"To się nazywają prawybory 'na pełnym Putinie'. W Donbasie również odbyło się takie głosowanie, gdzie obywatele Ukrainy mogli wziąć udział i zdecydować, czy oni chcą być Rosją, czy Ukrainą. Byli zachęcani przez uzbrojonych żołnierzy rosyjskich, żeby wzięli udział i nawet byli tacy śmiałkowie, którzy zagłosowali, że jednak Ukraina, a nie Rosja. To było prawdziwe bohaterstwo, ale to była mniejszość” – mówił w Porannej rozmowie w RMF FM poseł Konfederacji Artur Dziambor. W ten sposób odniósł się do prawyborów w Nowej Nadziej.
Działacze Nowej Nadziei organizują serię prawyborów, która mają wyłonić "jedynki" na listach wyborczych Konfederacji w dwudziestu okręgach.

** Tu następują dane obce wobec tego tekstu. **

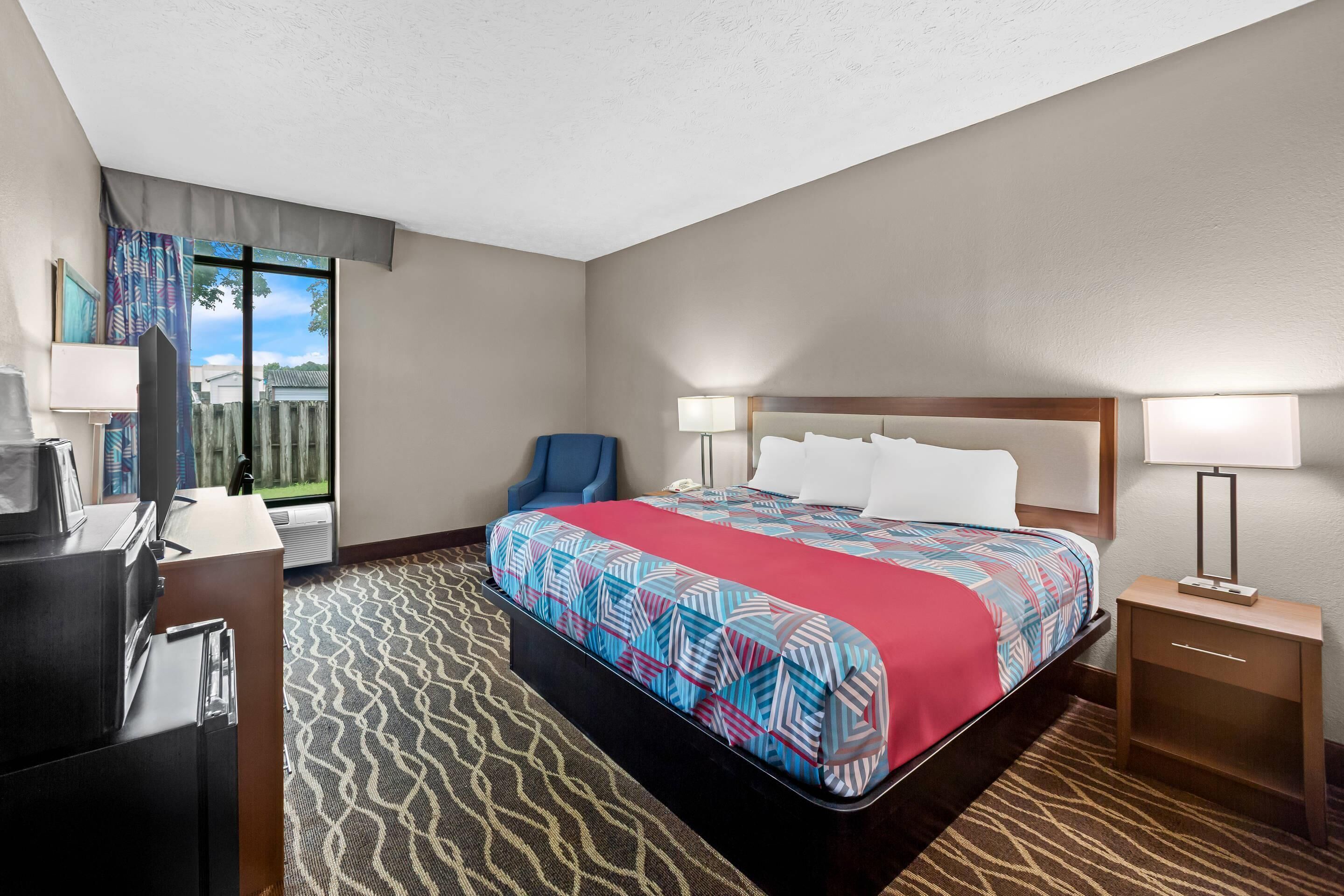 Una habitación de hotel con cama, escritorio, silla y mesita de noche.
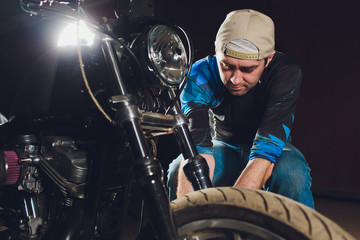 Fototapeta na wymiar Man fixing bike. Confident young man repairing motorcycle near his garage. caliper, brake pad replacement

Kończy się ta procedura (prawyborów - przyp. red.) w ten weekend. Ona kończy się w atmosferze skandalu. To, co się stało w Legnicy, to, co się stało w Krakowie, co działo się w Gdyni, to są rzeczy absolutnie kasujące te prawybory jako cokolwiek poważnego - oceniał gość Roberta Mazurka.